Eurozone members are rightly furious with the Greek authorities for falsifying budget data. But Greece is just the starkest example of the problems facing economies that have lost competitiveness within the eurozone and now have weak public finances and poor growth prospects. They must cut budget deficits while lowering costs relative to the rest of the eurozone, and this when economies such as Germany and the Netherlands are flirting with deflation and investors are jittery about sovereign risk. Yesterday, Greece announced plans to cut its budget deficit from an estimated 12.7 per cent of gross domestic product in 2009 to just 2.8 per cent in 2012. Given the country's dire economic prospects, cuts in spending of this order would lead to slump and deflation - crippling for a highly indebted economy - and threaten social stability.

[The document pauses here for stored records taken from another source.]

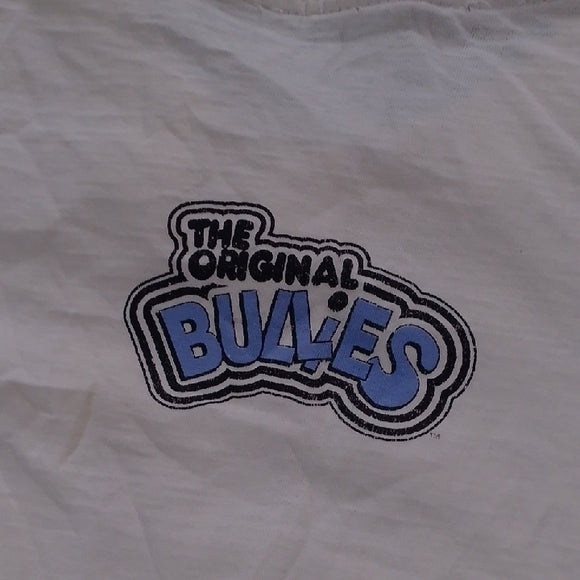 Vintage 90s Distressed BULLDOZER T-Shirt The Originals Bullies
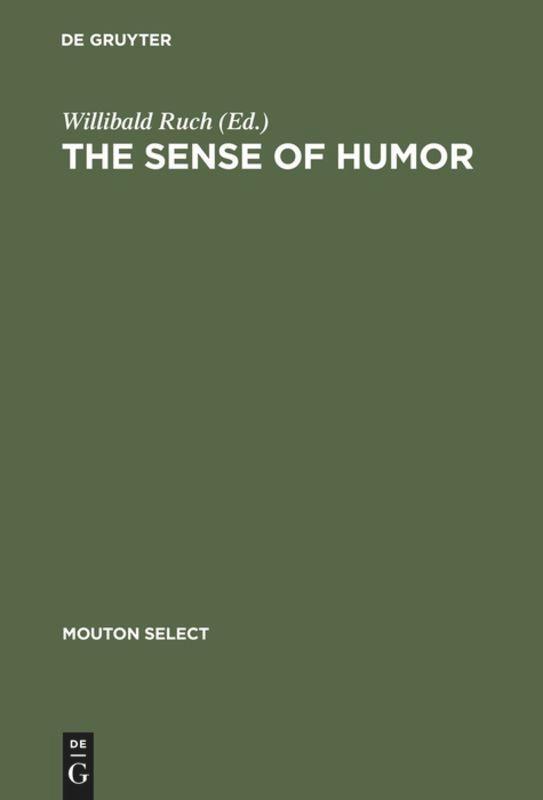 Cover: 9783110198294 | The Sense of Humor | Explorations of a Personality Characteristic | X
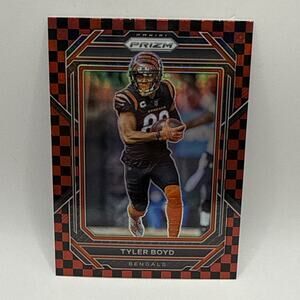 2022 Prizm Red And Black Checkered Tyler Boyd (Case Hit) NFL Bengals Rare Card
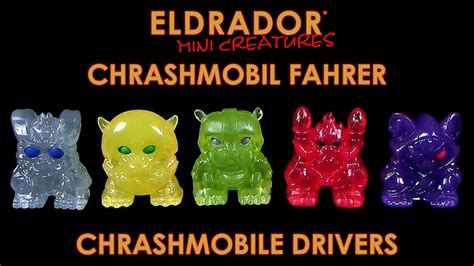 Schleich Eldrador Mini Creatures Alle 5 Crashmobil Fahrer All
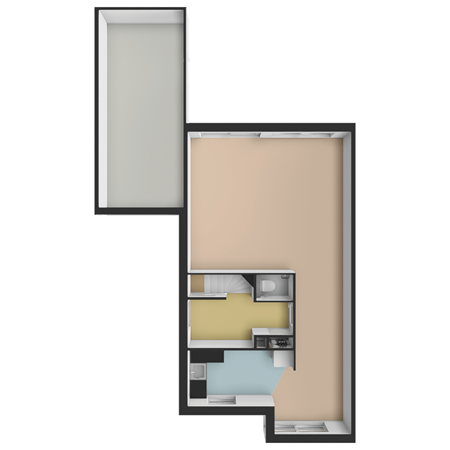 Floorplan - Bellefleur 35, 2635 ME Den Hoorn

If the eurozone fails to support Greece or makes the terms of any bail-out politically impossible for the country's authorities to meet, Greece could default on its sovereign debt. The eurozone would then face a big problem. The financial markets would quickly turn their attention to other euro bloc economies with unsustainable fiscal positions and poor growth prospects. Italy, Spain and Portugal would find themselves paying dramatically higher borrowing costs, raising the likelihood of further fiscal crises. Such a scenario would almost certainly deter the European Union's remaining central and eastern European member states joining the eurozone any time soon. And the political fallout would be huge.

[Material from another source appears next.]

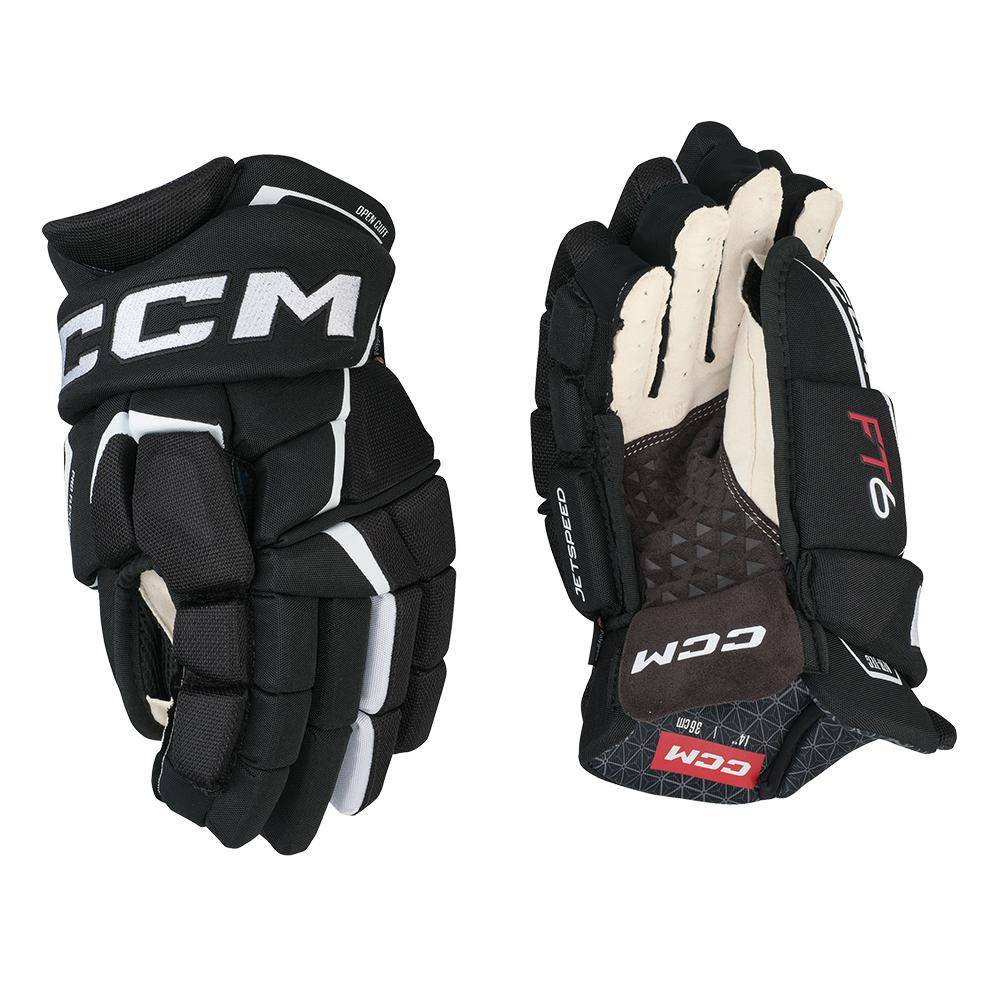 CCM Jetspeed FT6 Handschuhe Junior navy-weiss 11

Moreover, if a eurozone member defaults, the risk of it leaving the currency union cannot be completely discounted. If Greece defaulted and remained in the eurozone it would still be deeply uncompetitive. The Greek government would still find it difficult to tap financial markets on affordable terms, because investors would be sceptical about growth prospects. Leaving the eurozone and devaluing would be very high risk but provide a route back to growth, at least short-term, and that could prove a political necessity. A partial unravelling of the eurozone would do the EU incalculable damage.
Of course, Greece, as well as Italy and Spain, have to get serious about boosting productivity and confronting widespread public-sector rent-seeking. But Germany (and other members running big structural current account surpluses) also need to accept they are part of the problem. It makes little sense to argue that weaker member states should try to emulate Germany. A big reason for the relative strength of Germany's public finances is the size of the country's trade surplus with the other eurozone economies. But this is hardly something all eurozone states can aspire to: one country's surplus is another's deficit.

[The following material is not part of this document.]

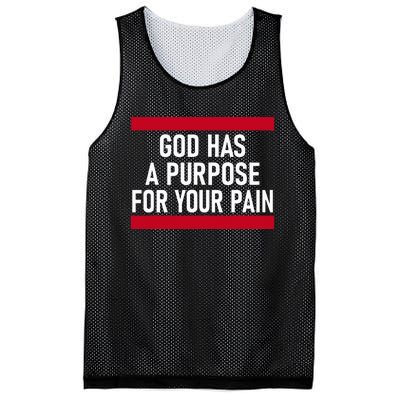 Religious God Has A Purpose For Your Pain Faith Based Gifts Mesh Reversible Basketball Jersey Tank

One disturbing trend of the last few months is that Germany's surplus with the rest of the eurozone is rebounding rapidly from the crisis, despite extreme economic weakness elsewhere in the bloc. The German economy is recovering on the back of exports; private consumption is actually falling. The weakness of domestic demand will no doubt lead to renewed falls in real wages and to a further decline in Germany's trade-weighted exchange rate within the eurozone. But it will be all but impossible for the likes of Spain and Greece to put their public finances in order unless they can get their economies growing. For this, they must rebalance their trade with the rest of the eurozone.
The eurozone needs tougher fiscal rules. But it also has to set limits on intra-eurozone current account surpluses and deficits. Fiscal rules will mean little without the latter. The alternative to such rules is a fiscal (hence political) union. This would involve the "stronger" economies transferring money to the "weaker" ones on an ongoing basis, much as happens within individual member states. No one appears to want this, least of all the "strong" countries.